In August 2015, the British Columbia Supreme Court ("BCSC") held that purchasing a competitor’s trademark as a keyword for search engines (e.g., Google) is not in itself sufficient to constitute infringement of a common law trademark. Additionally, the BCSC determined that the time to make the assessment as to whether the defendant’s activity is likely to cause consumer confusion, is not when the consumer reviews the initial results page created by the search engine, but rather once the consumer reached the defendant’s actual website.
The plaintiff, Vancouver Community College, claimed that the defendant, Vancouver Career College, misrepresented its educational services as being those of the plaintiff, inter alia, via keyword advertising. The plaintiff argued for common law trademark rights in the term “VCC” as a short form of its name. In a decision issued in January 2016, the British Columbia Court of Appeal (“BCCA”) overturned the above decision of the BCSC. The BCCA reversed the ultimate outcome of the action as well as some of the legal points set out by the BCSC concerning keyword advertising (the BCCA determined that a misrepresentation by the defendant had taken place and that the defendant was therefore liable for trademark infringement).

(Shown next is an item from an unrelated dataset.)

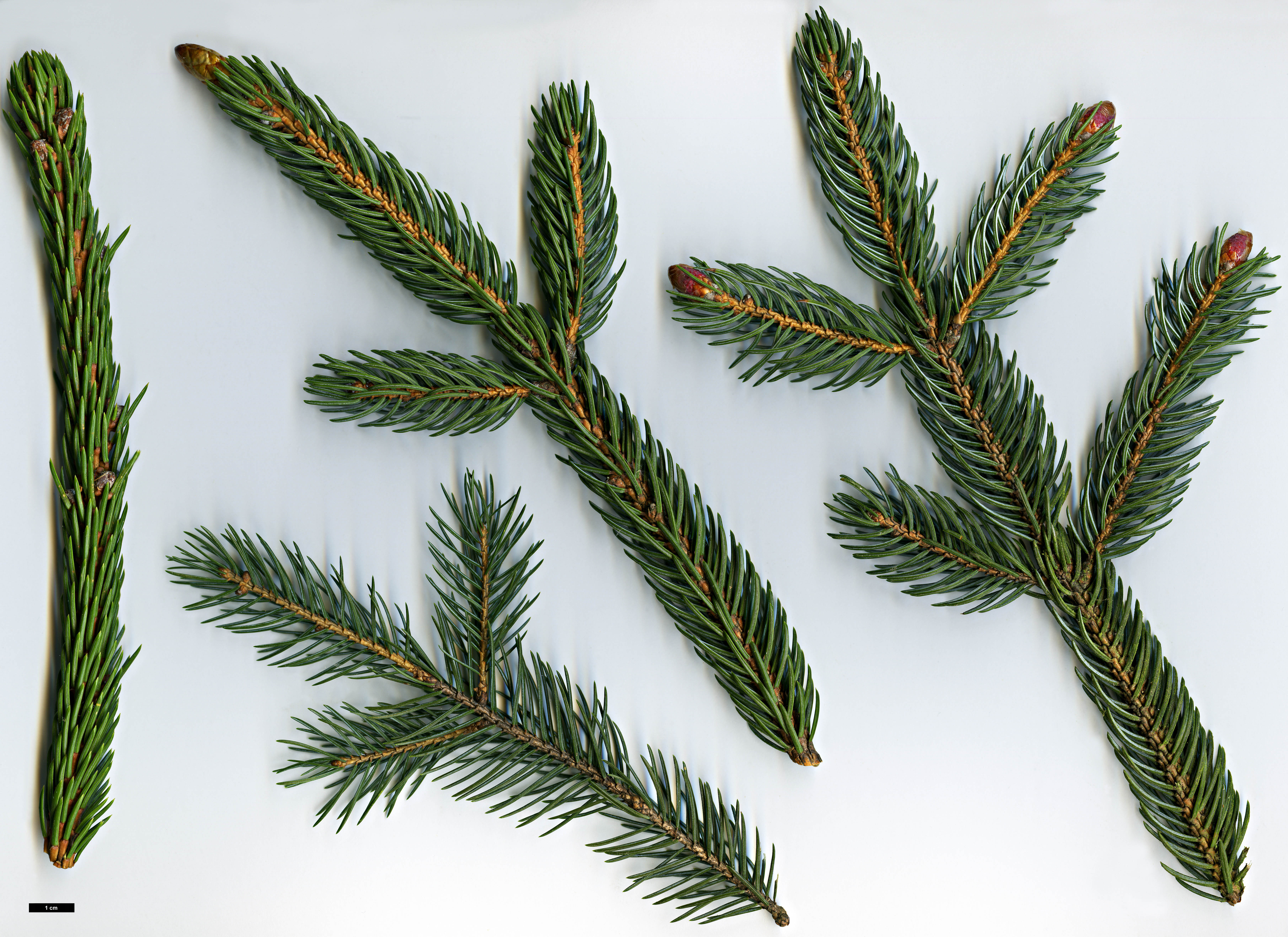 High resolution image: Family: Pinaceae - Genus: Picea - Taxon: alcoquiana High resolution image: Family: Pinaceae - Genus: Picea - Taxon: alcoquiana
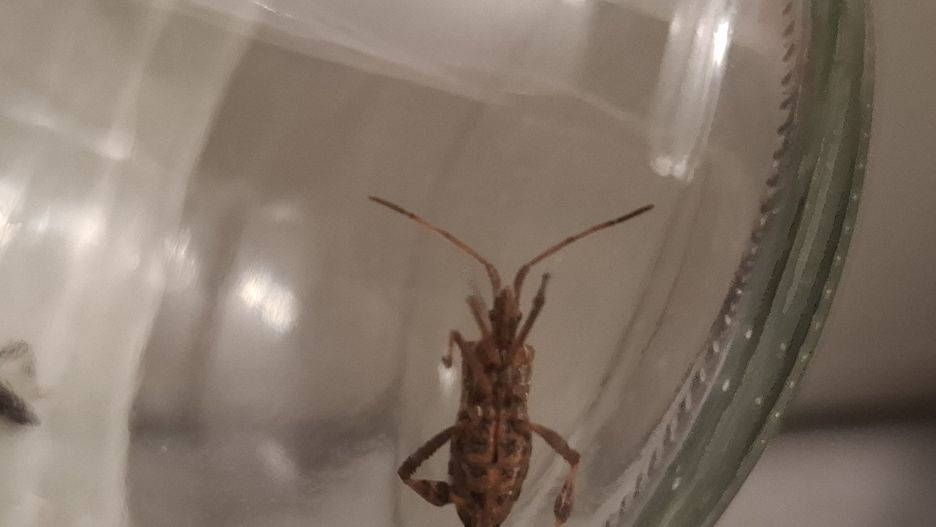 Wtyki amerykańskie szturmują domy. Gdzie się chowają?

In addition, the BCCA affirmed the BCSC's finding that solely purchasing a competitor’s trademark as a keyword is not in itself sufficient to constitute a trademark infringement. What matters is the nature and content of the sponsored link, which appears as a result of the keyword and the message it conveys to the consumer. The BCCA also held that the appropriate time to consider confusion is when the consumer views the search engine results page, and not subsequently, when the consumer reaches the defendant’s actual website.
We strongly recommend companies that purchase competitors’ keywords as part of their advertising and search engine optimization strategy to ensure that they comply with the various applicable legal rules.